The formation of an intense secondary pulsed molecular beam and obtaining accelerated molecules and radicals in it

Abstract

A method for obtaining an intense secondary pulsed molecular beam is described. The kinetic energy of molecules in the beam can be controlled by vibrational excitation of the molecules in the source under high-power IR laser radiation. A compression shock (shock wave) is used as a source of secondary beams. The shock wave is formed in interaction between an intense pulsed supersonic molecular beam (or flow) and a solid surface. The characteristics of the secondary beam were studied. Its intensity and the degree of gas cooling in it were comparable with the corresponding characteristics of the unperturbed primary beam. Vibrational excitation of molecules in the shock wave and subsequent vibrational-translational relaxation, which occurs when a gas is expanded in a vacuum, allow the kinetic energy of molecules in the secondary beam to be substantially increased.

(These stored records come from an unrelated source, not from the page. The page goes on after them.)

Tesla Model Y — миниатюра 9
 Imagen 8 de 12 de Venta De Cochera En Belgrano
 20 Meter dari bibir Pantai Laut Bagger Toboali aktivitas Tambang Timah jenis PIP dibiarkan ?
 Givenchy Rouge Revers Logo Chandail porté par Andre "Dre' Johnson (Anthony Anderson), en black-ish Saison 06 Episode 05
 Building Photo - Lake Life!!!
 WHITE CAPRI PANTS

Intense [≥1020 molecules/(sr s)] beams of SF6 and CF3I molecules with kinetic energies approximately equal to 1.5 and 1.2 eV, respectively, were generated in the absence of carrier gases, and SF6 molecular beams with kinetic energies approximately equal to 2.5 and 2.7 eV with He (SF6/He=1/10) and H2 (SF6/H2=1/10) as carrier gases, respectively, were obtained. The spectral and energy characteristics of acceleration of SF6 molecules in the secondary beams were studied. The optimal conditions were found for obtaining high-energy molecules. The possibility of accelerating radicals in secondary molecular beams was demonstrated.